As it relates to the adjusted EBITDA guidance range, we are currently approximately 95% contracted at the midpoint of this range based on year-to-date results and remaining backlog for 2025. Illustratively, if you include options, then the midpoint would essentially be fully contracted. Due to strong cost management, the midpoint of the EBITDA range corresponds to the low part of the revenue guidance range. It’s worth noting and clarifying here that our legacy Diamond BOP lease payments, approximately $26 million this year are booked as part of operating expenses. As we look ahead, we anticipate Q2 adjusted EBITDA to track down quarter-on-quarter when excluding the Q1 impact of the Regina Allen insurance proceeds. This expected decrease in Q2 is primarily due to fewer operating days resulting from contract rollovers on the Valiant, Intrepid and Regina Allen, as well as the planned out-of-service time for the Noble Sam Croft FPS, which is expected to take 60 days or during Q2.

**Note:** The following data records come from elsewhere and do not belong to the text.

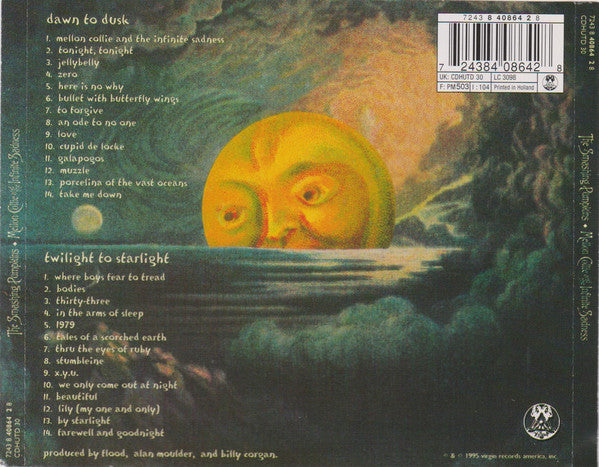 CD The Smashing Pumpkins ‎– Mellon Collie And The Infinite Sadness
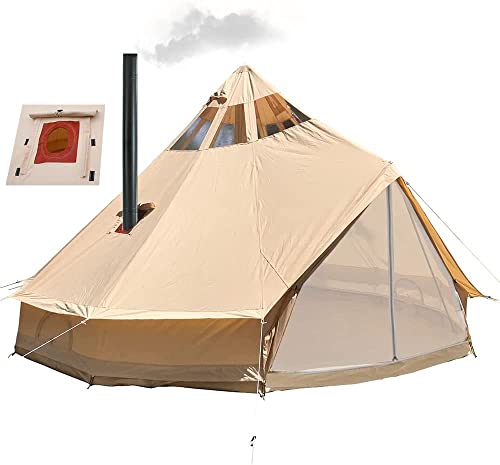 Las tiendas de campaña glamping son impermeables? - Tienda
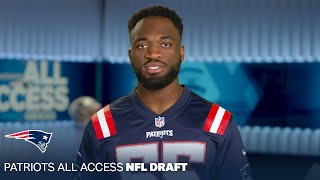 New England Patriots 2024 NFL Draft Breakdown  Patriots All Access [upl. by Nielson226]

On the tariff front, the situation remains very fluid. We are confident in our ability to navigate these uncertainties as they evolve by leveraging our supply chain and procurement capabilities. While it is clearly dynamic and everything can change quickly, we currently expect the tariffs to have less than a $15 million cost impact in 2025, and this is incorporated into our guidance. So, in summary, a solid start to the year from a financial perspective has set us up well for the remainder of 2025 despite the macro uncertainty and the recent suite of strong contract awards to post a constructive long-term view for our market. With that, I’ll pass the call back to Robert for closing remarks.
Robert Eifler: Thank you, Richard. To wrap up, I’d just like to emphasize that our first choice offshore strategy remains at the core of everything we do at Noble. We’ve been working very hard over the past four years at taking the company to the next level. And now we are really beginning to see the fruits of our labor. Throughout today’s call, we’ve highlighted a number of proof points. Significantly increasing and enhancing our backlog with strategic contract awards, moving up our integration synergies, delivering customer programs with a focus on safety and efficiency and reaffirming the resiliency of our cash flow and dividend. On the latter point, we’re now eclipsing $1 billion of capital return to shareholders over the past couple of years, which represents almost one-third of our market cap from where we sit today.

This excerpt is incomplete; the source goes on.